Introduction
This low-carb version of Orange Chicken is perfect for satisfying your cravings without breaking your diet. With a tangy orange flavor and a protein-packed profile, it’s a healthier twist on the classic takeout dish. Made in an Instant Pot, it’s also quick and convenient.

Ingredients

  • 1 lb chicken breast, cut into bite-sized pieces
  • 2 tbsp olive oil
  • 1 tsp garlic powder
  • ½ cup chicken broth
  • 2 tbsp soy sauce (or coconut aminos)
  • 1 tbsp orange zest
  • 2 tsp orange extract
  • 1 tbsp erythritol or a keto-friendly sweetener
  • 1 tsp xanthan gum (optional, for thickening)
  • Salt and pepper to taste

Instructions

  1. Sauté the chicken: Set the Instant Pot to sauté mode and heat olive oil. Add chicken pieces, season with salt and pepper, and cook until lightly browned. Remove and set aside.
  2. Make the sauce: Add chicken broth, soy sauce, orange zest, orange extract, and sweetener to the Instant Pot. Stir well.
  3. Pressure cook: Return the chicken to the Instant Pot. Seal the lid and cook on high pressure for 3 minutes. Allow pressure to release naturally for 10 minutes.
  4. Thicken the sauce (optional): Set the Instant Pot back to sauté mode. Sprinkle in xanthan gum, stirring constantly until the sauce thickens.
  5. Serve: Garnish with fresh orange zest and serve with cauliflower rice or steamed broccoli.

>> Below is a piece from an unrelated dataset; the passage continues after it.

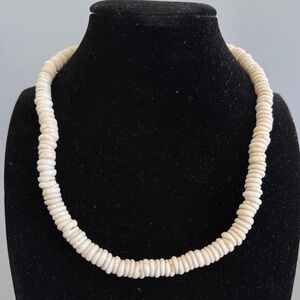 Vintage Puka Shell Choker Necklace 16" LARGE SHELLS Barrel Clasp Surfer Hawaii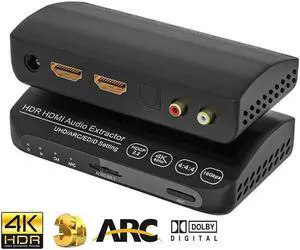 HDMI 2.0 Audio Extrator 4K 60Hz HDMI Audio Splitter HDR 5.1CH HDMI ARC Converter UHD/ ARC/ EDID Toslink+L/R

Nutritional Information (Per Serving)

  • Calories: 418
  • Protein: 44g
  • Fat: 24g
  • Carbs: 8g

Tips

  • For extra flavor, marinate the chicken in soy sauce and orange extract for 30 minutes before cooking.
  • Adjust the sweetness and orange extract to taste for a stronger or milder flavor.

Notes

  • Leftovers can be stored in the fridge for up to 3 days and reheated in the microwave or stovetop.
  • Pair with keto-friendly sides like zucchini noodles or sautéed spinach for a balanced meal.